Home › Forums › Discussions › General › Windows Packet Filter causes file transfer on shares to reduce a lot?
- This topic has 25 replies, 2 voices, and was last updated 3 years, 2 months ago by Vadim Smirnov.
-
AuthorPosts
-
June 26, 2021 at 4:14 am #11550
Hi,
We wanted to test how well the Windows Packet Filter performs, so we installed the Windows Packet Filter 3.2.29.1 x64.msi and compiled the capture tool, and after running it the speed of file transfer (SMB) on shares reduced by around 70-80%! Is there anyway to fix this? is this a bug or..?
June 26, 2021 at 4:20 am #11551Also Shouldn’t the fast I/O that is implemented recently fix this?
We compiled the capture as 64 bit (so not wow64) and the tested windows was windows 10 20h1.
What is causing this problem?
June 26, 2021 at 4:45 am #11553Capture tool was primarily designed for testing/debugging purposes and it utilizes relatively slow file stream I/O, e.g. each intercepted packet is delayed for the time needed to write it into the file resulting the increased latency and decreased bandwidth.
If you need a high speed traffic capture solution you have to implement in-memory packet caching and write captured packets into the file using dedicated thread instead of doing this in the packet filtering one. Or you could use use the memory mapped file and let Windows cache manager to do the rest 🤔
P.S. And yes, Fast I/O may improve the performance even further…
June 26, 2021 at 6:27 am #11554We removed the file writing part, but the problem still persist. so right now it just gets the packet from driver, and then passes it back to kernel.
Although i should mention that our connection speed is 1Gb/s, and using capture even after removing the file writings will reduce it to 200Mb/s when moving files from shares?
Can you give it a try as well by removing the file writing and see how much it reduces the speed?
June 26, 2021 at 6:36 am #11557The sample code you tested was designed for the demo purposes only. If you are interested in the performance tests you can check this post.
June 26, 2021 at 7:09 am #11558I actually read that post too, and compiled the exact code and the result is still the same, smb file transfer speed gets reduced by 80%-70%.
The reason i tried the newest version was that i was hoping maybe direct IO would fix this issue, since they didn’t implement direct IO in that post, but seems like it doesn’t.
Although I’m not sure how that post is claiming to reach 90MB/s when i cant reach 30-40? Maybe it didn’t try doing file transfer through share?
Are you getting the same result as me?
June 26, 2021 at 7:25 am #11563I’ve just taken dnstrace sample (dumps DNS packets and passes everything else without any special handling) and tried to copy one large file from the system running dnstrace to another one. Here is the result with dnstrace running and without:
.
June 26, 2021 at 7:36 am #11565The only idea I have is that you have some other third-party software (which includes NDIS/WFP filter) and somehow results the software conflict… Try to setup two fresh Windows connected over the switch or direct cable.
P.S. To ensure, retested with reversed copy direction and the result is still the same…

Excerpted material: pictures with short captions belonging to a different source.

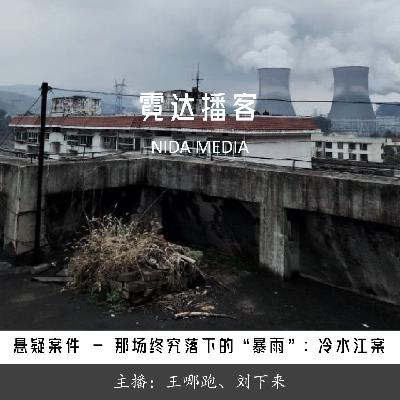 137. 那场终究落下的“暴雨”:冷水江案 137. 那场终究落下的“暴雨”:冷水江案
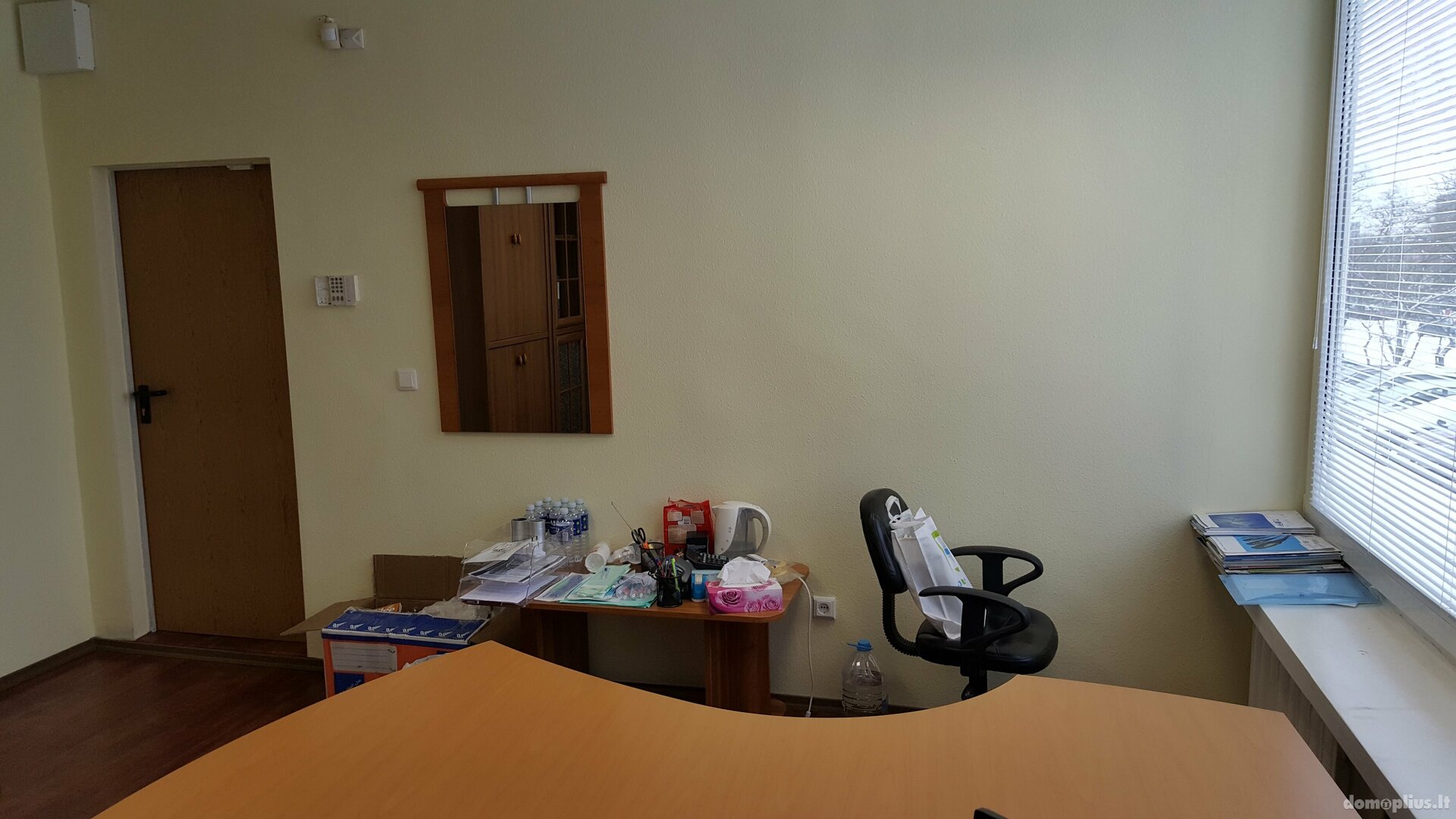 Biuro / Prekybos ir paslaugų Patalpų nuoma Vilniuje, Naujamiestyje, Kedrų g.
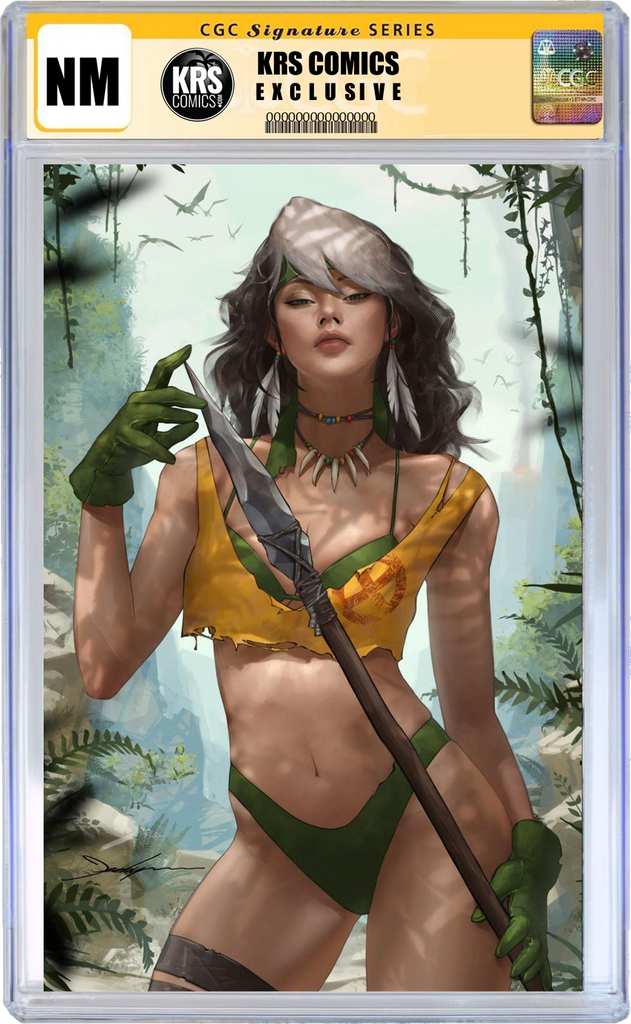 UNCANNY X-MEN #1 JEEHYUNG LEE EXCLUSIVE OPTIONS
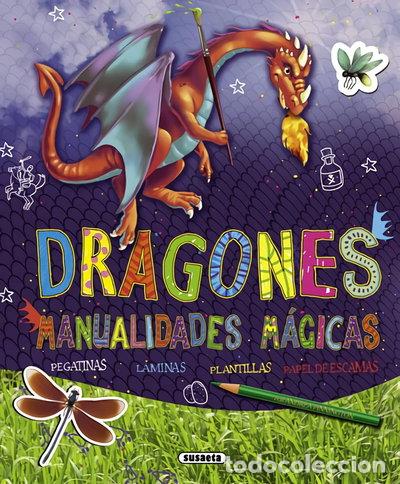 Libros: Dragones- 9788467712094 - Foto 1
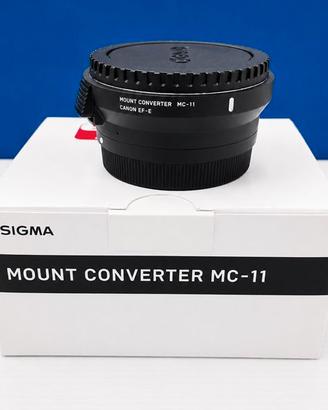 Sigma Anello Adattatore MC-11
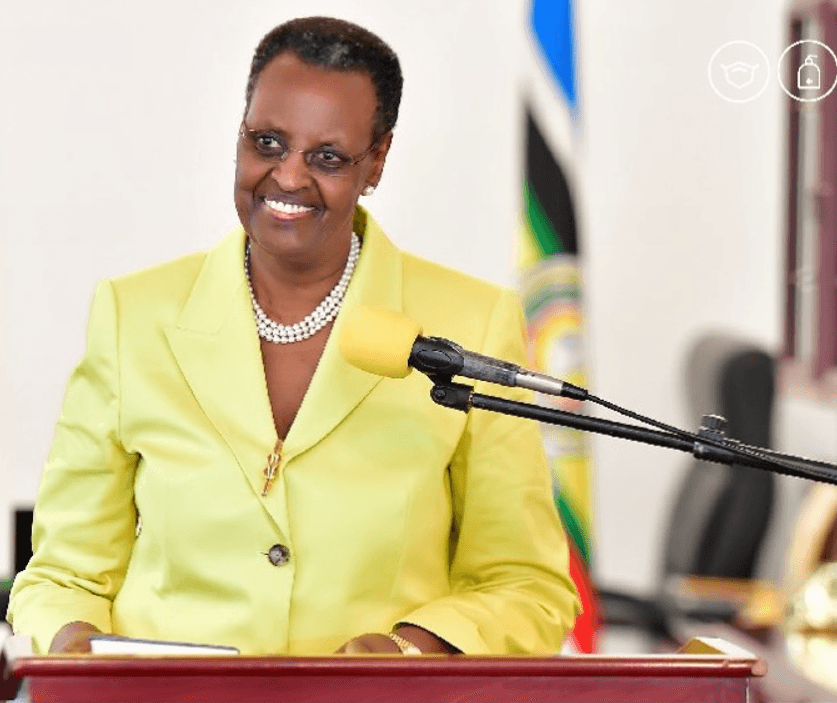 First Lady Janet to Host 2nd Virtual Youth Convention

June 26, 2021 at 8:18 am #11566I guess one reason could be because of how powerful the underlying CPU is. I tied the dnstrace and it got reduced from 80MB/s to 40MB/s. But it is weird that it doesn’t get reduced at all in your case, are you sure you are copying from a shared folder on a network? mine is a freshly installed windows 10 (VM).
I want to measure how much overhead this project has if we use it to send every packet to user to check (block or not), and then send those that are OK based on user mode decision. So this dnstrace seems to do exactly this right? because based on reading its code, it is receiving packets from kernel and sending those that are OK (which in this case is all of them) back to kernel, right?
June 26, 2021 at 8:21 am #11568Can you also try to use the code that was shared on the blog that you mentioned to see if you still don’t get any reduced performance?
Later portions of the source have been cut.